When you think of French cheeses, we wouldn’t be surprised if your mind immediately went to Brie. It is, after all, one of the oldest cheeses to survive over the years and make it onto your cheese plate. But if we’re being honest, we’re enamored with Brie’s younger brother – a farmhouse Frenchie with the earthiness and toastiness that we love in a spreadable French cheese: Camembert!
The original Camembert cheese came from the northern region of Normandy, France. Made by Marie Harel in 1791, who was visited by a priest from the Brie region of France named Abbot Charles-Jean Bonvoust. He passed along the recipe for preparing a cheese with a bloomy, edible rind which was produced in his homeland, that we now know as Brie. The recipe was apparently altered in the process (think of a game of cheesy telephone), creating a similar, but distinctly delicious new cheese.
Often times, Camembert is mistaken for or confused with it’s cousin, Brie. Though they are both made of cow’s milk, Brie originated from central Ile de France, while Camembert comes from the northern region of Normandy. Brie is usually made in larger wheels, and is milder than the more pungent wheel of Camembert. Camembert is a bit softer and creamier than brie, which has a more pudgy and gooey texture.
There have, since the cheese’s creation, been many different versions of Camembert. Unfortunately, because of FDA regulations on raw milk cheeses, we cannot import the traditional AOC Camembert du Normandie. But we’re always on the hunt for the best Camembert we can manage – and we think we’ve found it. The tender, downy mold rind gives a contrasting bite to a melting straw-colored paste within. Aged to rich, creamy perfection, this wheel of Camembert is toasty, buttery, and ever so lactic. This is the kind of cheese that can stand up to a bold, big red wine like Bordeaux, or is balanced by a bright Hefewiesen.
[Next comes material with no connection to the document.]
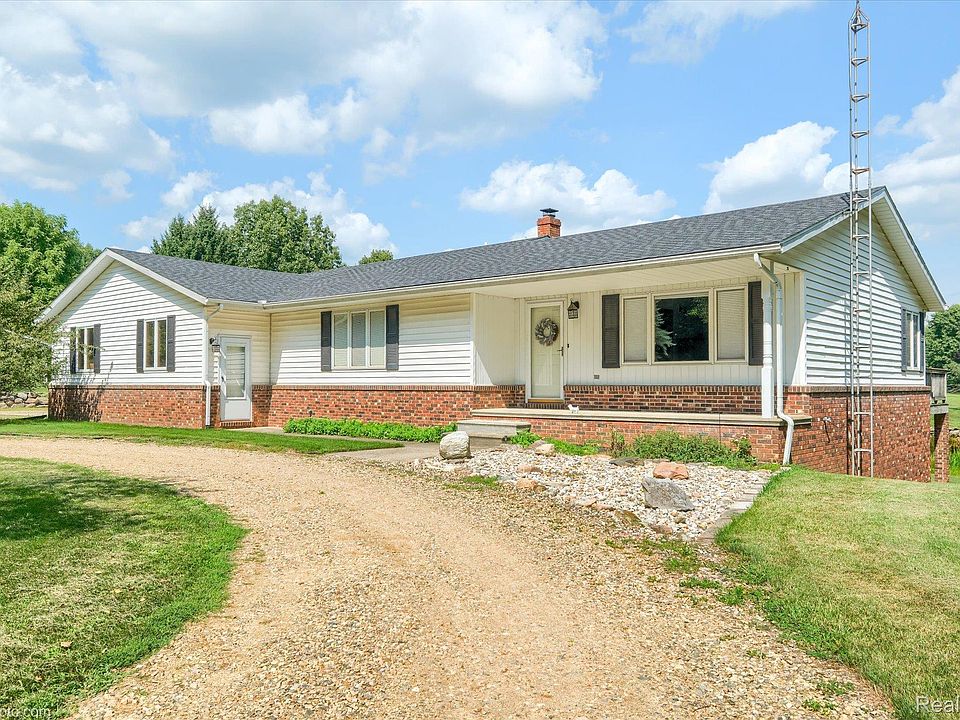 1st image of 1375 Fernwood Dr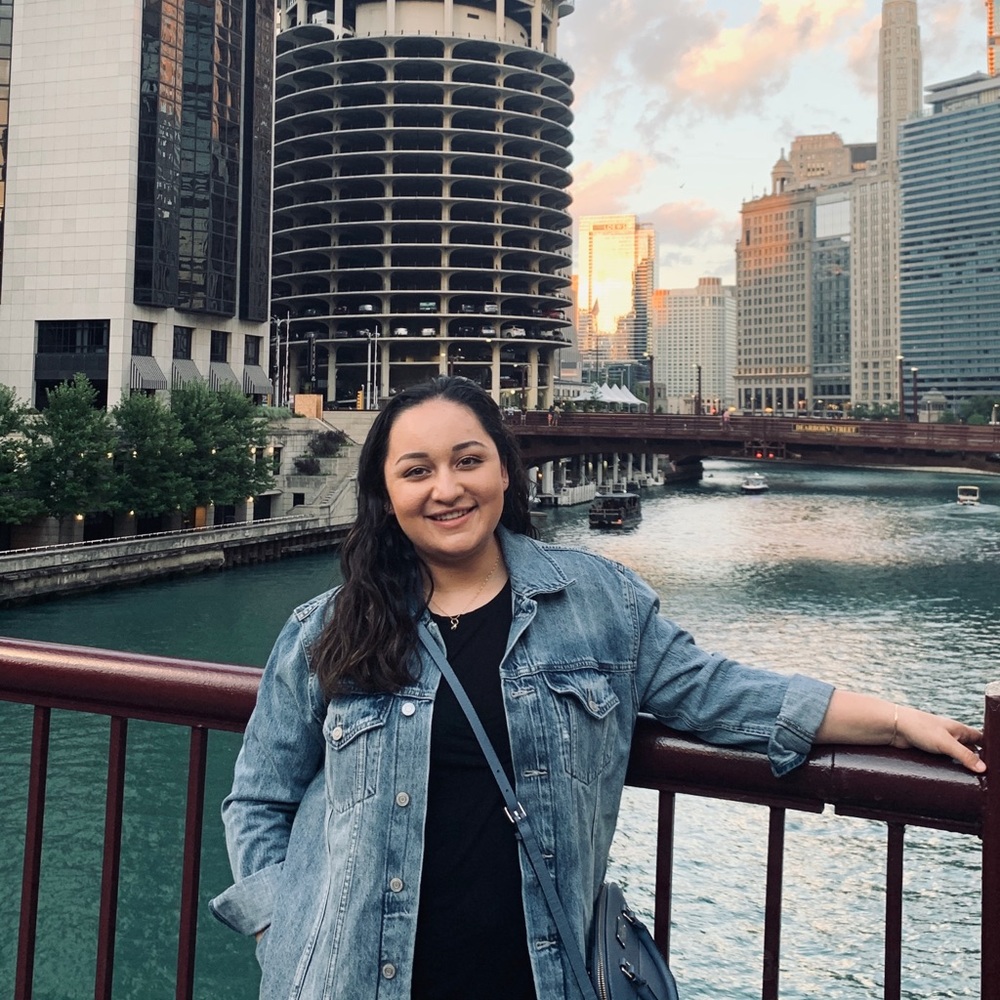 Meet your Posher, Camila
If you’re looking for the perfect pair for Camembert, the answer is simple: apples. Apples are Camembert’s best friend and neighbor, as the land around the farms Camembert is made on are often apple orchards. You can go simple by slicing a few apples, drizzling with honey, and pairing up with our gooey wheel. Or, just break out a bottle of cider or a glass of apple brandy – either way, you’ll be savoring this sweet and savory combo.